The Effect of Variable Background on Oscillating Hot Coronal Loop due to Thermal Conduction

TL;DR

This paper models how a time-dependent cooling background in hot coronal loops affects the behavior of standing acoustic waves, revealing significant damping effects due to thermal conduction with theoretical and observational agreement.

Contribution

It introduces an analytical model for the impact of a variable, cooling background on standing acoustic waves in coronal loops, incorporating thermal conduction effects and matching observations.

Findings

Cooling background causes strong damping of standing waves.

Higher thermal conductivity increases wave amplitude decay.
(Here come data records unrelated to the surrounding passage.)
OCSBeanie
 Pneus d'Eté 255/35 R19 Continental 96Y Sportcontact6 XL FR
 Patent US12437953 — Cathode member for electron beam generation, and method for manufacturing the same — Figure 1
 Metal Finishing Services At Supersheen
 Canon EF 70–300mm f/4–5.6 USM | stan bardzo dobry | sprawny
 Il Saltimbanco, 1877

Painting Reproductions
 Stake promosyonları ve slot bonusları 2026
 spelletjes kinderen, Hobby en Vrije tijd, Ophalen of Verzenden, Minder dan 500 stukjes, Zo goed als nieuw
Model predictions align well with observed loop oscillations.

Abstract

We investigate the effect of a variable, i.e. time-dependent, background on the standing acoustic (i.e. longitudinal) modes generated in a hot coronal loop. A theoretical model of 1D geometry describing the coronal loop is applied. The background temperature is allowed to change as a function of time and undergoes an exponential decay with characteristic cooling times typical for coronal loops. The magnetic field is assumed to be uniform. Thermal conduction is the dominant mechanism of cooling the hot background plasma in the presence of an unspecified thermodynamic source that maintains the initial equilibrium. The influence of the rapidly cooling background plasma on the behaviour of standing acoustic (longitudinal) waves is investigated analytically. The temporally evolving dispersion relation and wave amplitude are derived by using the WKB theory. An analytic solution for the time-dependent amplitude that describes the influence of thermal conduction on the standing longitudinal (acoustic) wave is obtained by exploiting the properties of Sturm-Liouville problems. Next, numerical evaluations further illustrate the behaviour of the standing acoustic waves in a system with variable, time dependent background. The results are applied to a number of detected loop oscillations. We find a remarkable agreement between the theoretical predictions and the observations. The cooling of the background plasma due to thermal conduction is found to cause a strong damping for the slow standing magneto-acoustic waves in hot coronal loops in general. Further to this, the increase in the value of thermal conductivity leads to a strong decay in the amplitude of the longitudinal standing slow MHD waves.